→ **Supplied information**:
____

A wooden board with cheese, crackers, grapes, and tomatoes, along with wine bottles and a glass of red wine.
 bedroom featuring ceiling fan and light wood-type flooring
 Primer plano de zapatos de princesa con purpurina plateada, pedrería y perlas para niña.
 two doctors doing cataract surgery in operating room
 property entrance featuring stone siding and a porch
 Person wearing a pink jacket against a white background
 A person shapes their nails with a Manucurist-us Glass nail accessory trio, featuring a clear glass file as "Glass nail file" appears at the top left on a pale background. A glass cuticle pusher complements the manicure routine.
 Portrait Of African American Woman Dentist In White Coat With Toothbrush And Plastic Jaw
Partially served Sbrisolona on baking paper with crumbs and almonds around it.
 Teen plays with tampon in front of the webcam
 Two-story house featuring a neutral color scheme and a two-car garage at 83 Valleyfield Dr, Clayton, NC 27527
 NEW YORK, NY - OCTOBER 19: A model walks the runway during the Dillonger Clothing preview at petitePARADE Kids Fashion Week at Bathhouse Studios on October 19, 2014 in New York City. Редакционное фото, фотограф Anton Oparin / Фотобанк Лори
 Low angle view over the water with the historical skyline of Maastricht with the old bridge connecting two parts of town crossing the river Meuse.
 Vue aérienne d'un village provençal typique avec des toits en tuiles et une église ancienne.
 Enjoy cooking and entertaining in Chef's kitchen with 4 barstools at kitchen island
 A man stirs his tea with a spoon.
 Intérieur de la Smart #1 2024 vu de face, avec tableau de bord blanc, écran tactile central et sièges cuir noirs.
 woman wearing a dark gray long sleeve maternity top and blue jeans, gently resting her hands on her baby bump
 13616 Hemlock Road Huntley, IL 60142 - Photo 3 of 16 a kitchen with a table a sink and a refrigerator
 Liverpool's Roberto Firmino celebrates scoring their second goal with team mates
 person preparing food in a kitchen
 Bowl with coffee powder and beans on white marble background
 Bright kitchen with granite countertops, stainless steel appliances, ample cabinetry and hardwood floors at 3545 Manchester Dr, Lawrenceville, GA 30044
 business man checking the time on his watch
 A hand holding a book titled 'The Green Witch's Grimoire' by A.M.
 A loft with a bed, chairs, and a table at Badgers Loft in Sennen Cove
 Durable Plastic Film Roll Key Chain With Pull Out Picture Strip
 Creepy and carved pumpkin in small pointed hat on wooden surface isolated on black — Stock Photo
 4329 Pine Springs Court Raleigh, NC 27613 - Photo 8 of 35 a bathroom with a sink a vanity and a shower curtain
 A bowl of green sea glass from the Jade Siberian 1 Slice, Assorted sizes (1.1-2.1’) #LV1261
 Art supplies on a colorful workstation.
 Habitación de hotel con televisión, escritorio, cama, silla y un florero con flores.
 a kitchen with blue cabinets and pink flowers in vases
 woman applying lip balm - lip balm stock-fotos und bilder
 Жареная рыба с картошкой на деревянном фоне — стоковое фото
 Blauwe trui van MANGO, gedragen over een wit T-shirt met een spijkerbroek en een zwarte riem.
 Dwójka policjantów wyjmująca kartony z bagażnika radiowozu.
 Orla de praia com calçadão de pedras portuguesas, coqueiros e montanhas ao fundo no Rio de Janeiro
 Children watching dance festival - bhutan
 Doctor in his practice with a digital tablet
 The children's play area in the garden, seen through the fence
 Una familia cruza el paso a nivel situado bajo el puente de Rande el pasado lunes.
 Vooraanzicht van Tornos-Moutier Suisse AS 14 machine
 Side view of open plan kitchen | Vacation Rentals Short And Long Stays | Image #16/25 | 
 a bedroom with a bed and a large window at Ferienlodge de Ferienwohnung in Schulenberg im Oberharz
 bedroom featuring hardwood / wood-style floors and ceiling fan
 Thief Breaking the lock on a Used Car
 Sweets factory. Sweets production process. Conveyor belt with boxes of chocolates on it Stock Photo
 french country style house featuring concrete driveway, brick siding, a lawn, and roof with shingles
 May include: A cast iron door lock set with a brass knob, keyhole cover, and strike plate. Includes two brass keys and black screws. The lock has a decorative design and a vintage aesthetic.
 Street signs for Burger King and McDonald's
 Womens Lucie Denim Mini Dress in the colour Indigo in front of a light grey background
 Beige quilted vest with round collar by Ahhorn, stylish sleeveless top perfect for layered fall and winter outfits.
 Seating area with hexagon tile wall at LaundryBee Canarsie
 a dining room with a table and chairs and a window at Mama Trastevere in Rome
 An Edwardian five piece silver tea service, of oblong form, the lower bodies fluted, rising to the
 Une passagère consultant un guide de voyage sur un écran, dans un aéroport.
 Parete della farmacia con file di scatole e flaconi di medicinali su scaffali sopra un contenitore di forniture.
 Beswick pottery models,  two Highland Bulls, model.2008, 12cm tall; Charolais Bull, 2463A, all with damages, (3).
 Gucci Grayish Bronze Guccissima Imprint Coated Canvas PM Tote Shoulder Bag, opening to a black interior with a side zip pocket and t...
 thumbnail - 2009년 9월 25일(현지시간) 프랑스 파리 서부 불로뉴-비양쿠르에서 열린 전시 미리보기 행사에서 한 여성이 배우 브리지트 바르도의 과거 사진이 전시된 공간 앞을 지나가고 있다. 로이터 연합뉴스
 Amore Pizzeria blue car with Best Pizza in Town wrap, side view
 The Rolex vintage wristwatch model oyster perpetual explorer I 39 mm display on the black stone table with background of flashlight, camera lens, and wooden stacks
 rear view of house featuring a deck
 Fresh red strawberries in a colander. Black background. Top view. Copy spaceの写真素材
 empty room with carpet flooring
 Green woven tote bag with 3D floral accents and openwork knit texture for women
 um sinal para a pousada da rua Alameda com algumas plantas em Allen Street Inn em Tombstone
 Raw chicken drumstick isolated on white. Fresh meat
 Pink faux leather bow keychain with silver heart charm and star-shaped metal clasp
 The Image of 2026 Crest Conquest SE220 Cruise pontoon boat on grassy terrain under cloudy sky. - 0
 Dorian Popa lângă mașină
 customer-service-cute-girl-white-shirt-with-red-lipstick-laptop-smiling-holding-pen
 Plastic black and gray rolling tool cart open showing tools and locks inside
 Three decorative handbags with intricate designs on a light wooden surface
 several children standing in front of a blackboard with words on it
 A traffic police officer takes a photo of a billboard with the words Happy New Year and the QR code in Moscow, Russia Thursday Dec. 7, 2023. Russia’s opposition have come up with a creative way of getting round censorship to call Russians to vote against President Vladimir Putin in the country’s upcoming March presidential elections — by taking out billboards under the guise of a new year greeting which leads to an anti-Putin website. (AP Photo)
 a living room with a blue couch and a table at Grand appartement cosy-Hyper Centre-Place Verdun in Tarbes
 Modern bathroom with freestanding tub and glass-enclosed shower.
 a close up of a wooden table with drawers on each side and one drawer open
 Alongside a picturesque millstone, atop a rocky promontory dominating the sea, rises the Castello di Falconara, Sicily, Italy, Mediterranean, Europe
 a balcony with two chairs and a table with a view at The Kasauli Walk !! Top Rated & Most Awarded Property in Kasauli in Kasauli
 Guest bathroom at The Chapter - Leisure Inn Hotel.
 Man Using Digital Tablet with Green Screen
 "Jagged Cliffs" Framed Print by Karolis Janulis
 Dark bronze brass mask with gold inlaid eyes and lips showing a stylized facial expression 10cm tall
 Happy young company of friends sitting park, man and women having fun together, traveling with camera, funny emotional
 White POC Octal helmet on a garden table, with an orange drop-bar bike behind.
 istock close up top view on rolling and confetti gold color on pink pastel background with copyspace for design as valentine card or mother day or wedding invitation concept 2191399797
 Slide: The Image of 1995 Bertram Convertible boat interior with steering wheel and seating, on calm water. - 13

____

→ **Work request**: In your reply, restate exactly the lines from the start of the records above through the line holding "bedroom featuring ceiling", including both, and nothing else.

→ **Result of this exercise**:
A wooden board with cheese, crackers, grapes, and tomatoes, along with wine bottles and a glass of red wine.
 bedroom featuring ceiling fan and light wood-type flooring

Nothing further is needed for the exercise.